Some options available to borrowers include:
- Income Based Repayment Plans: There are several types of Income-Based Repayment Plans (IDRs) available from the federal government, which base your monthly payment on your family size and discretionary income for a set number of years – 20 or 25. These plans can be particularly useful if you are not earning as much as before the pandemic.
- Adjournment or abstention: The current payment break is classified as an “administrative forbearance” and does not count towards your normal forbearance limits. If you’re in between jobs or having trouble making a payment, you can request additional months of payment relief from your lender.

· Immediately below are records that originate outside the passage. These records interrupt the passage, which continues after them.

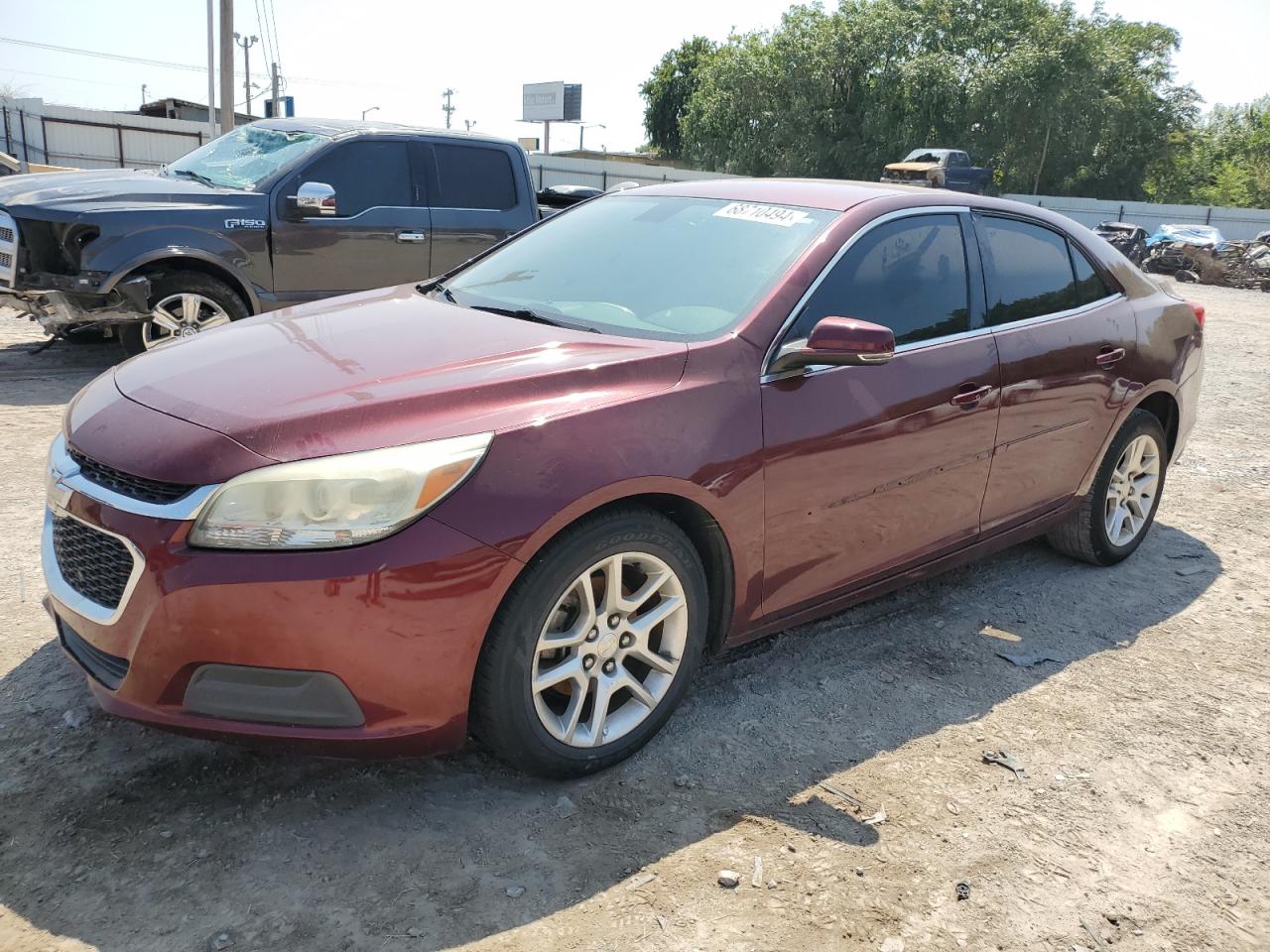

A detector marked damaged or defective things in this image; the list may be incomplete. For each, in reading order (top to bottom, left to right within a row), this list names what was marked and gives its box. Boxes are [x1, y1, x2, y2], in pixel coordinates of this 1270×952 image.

damaged vehicle [881, 147, 992, 193]
damaged vehicle [0, 118, 540, 355]
damaged vehicle [1095, 221, 1151, 266]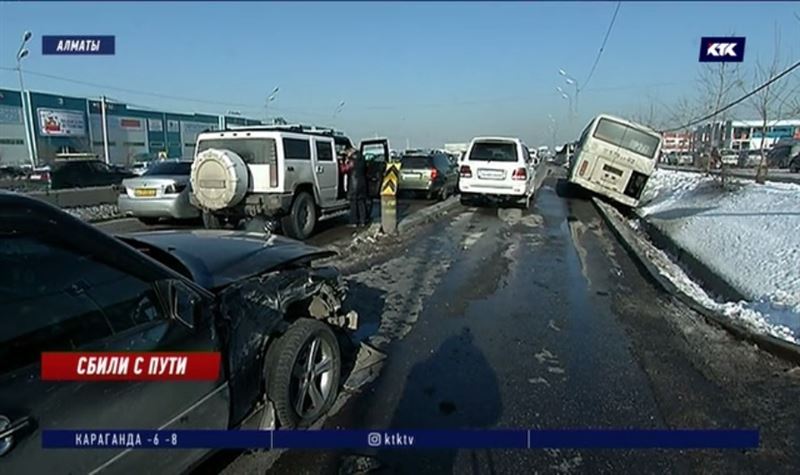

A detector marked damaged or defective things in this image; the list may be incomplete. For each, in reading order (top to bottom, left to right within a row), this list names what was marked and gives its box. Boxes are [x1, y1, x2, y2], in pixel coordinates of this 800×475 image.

damaged dark car [0, 192, 358, 474]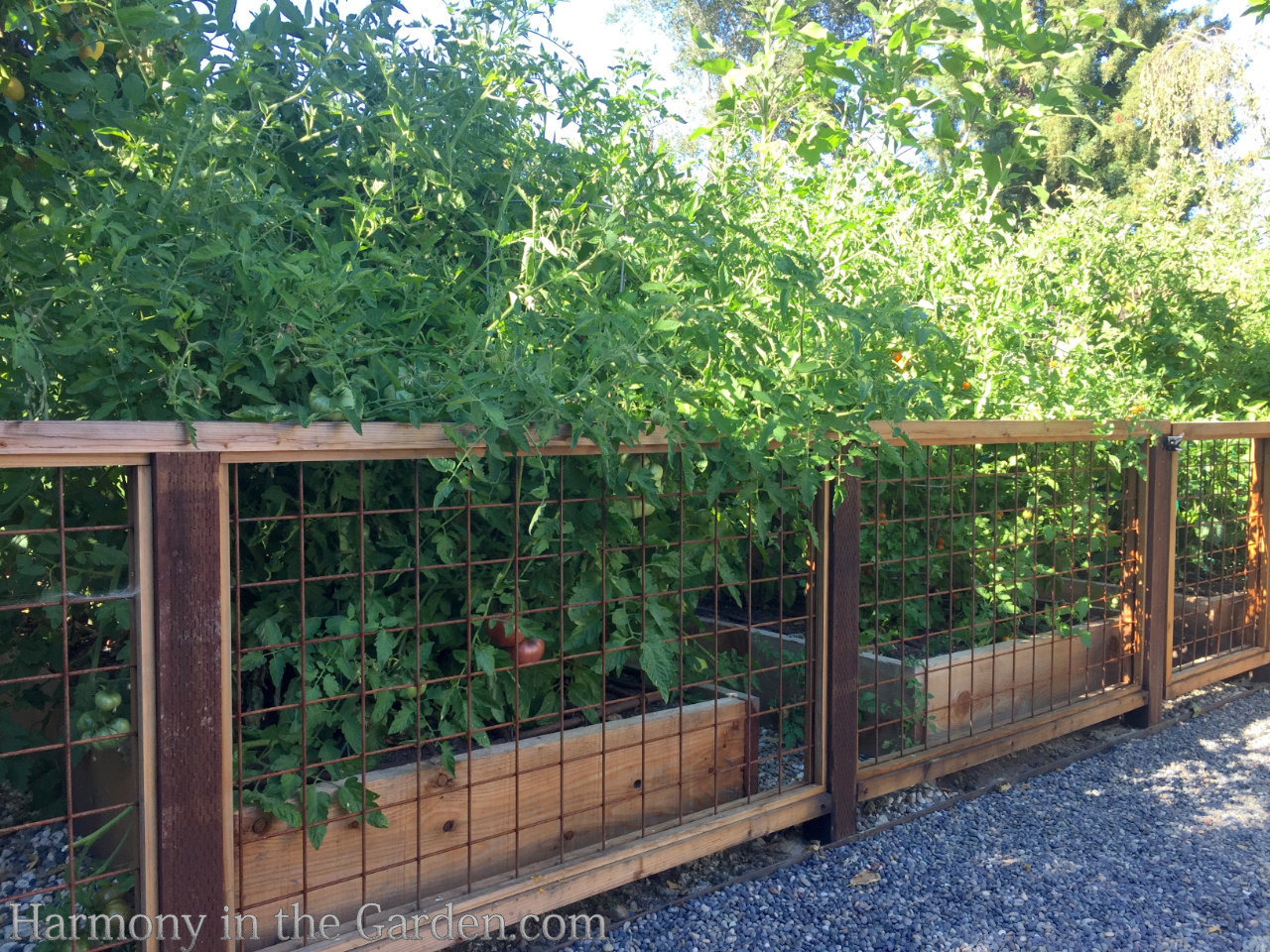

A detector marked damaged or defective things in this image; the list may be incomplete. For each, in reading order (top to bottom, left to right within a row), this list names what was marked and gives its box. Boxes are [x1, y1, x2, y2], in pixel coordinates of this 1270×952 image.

rusty wire mesh [0, 469, 143, 952]
rusty wire mesh [228, 451, 813, 949]
rusty wire mesh [858, 444, 1137, 767]
rusty wire mesh [1168, 438, 1259, 669]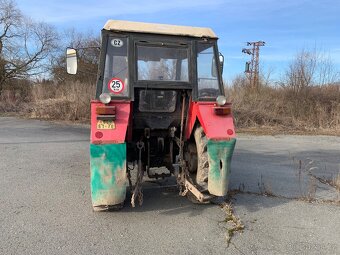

- Loan consolidation: While consolidating your federal loans into a direct consolidation loan will not save you money, it can lower your monthly payments because you will have the flexibility to extend your repayment term.
- Refinancing: If you took out your student loans when interest rates were high, you may choose to seek refinancing from a private lender. Refinancing with a private lender will cause you to lose the above benefits, so it is not the right choice for many federal borrowers. If you can get a low interest rate, however, refinancing could help speed up your repayment.
Bankrate.com and BestColleges.com commissioned YouGov PLC to conduct the investigation. All figures, unless otherwise noted, are from YouGov. The total sample size was 4,773 adults, including 770 with federal student loan debt. Fieldwork was undertaken from November 3-9, 2021. The survey was conducted online and meets rigorous quality standards. It used a non-probability sample using both upstream quotas during collection and then a downstream weighting scheme designed and proven to provide nationally representative results.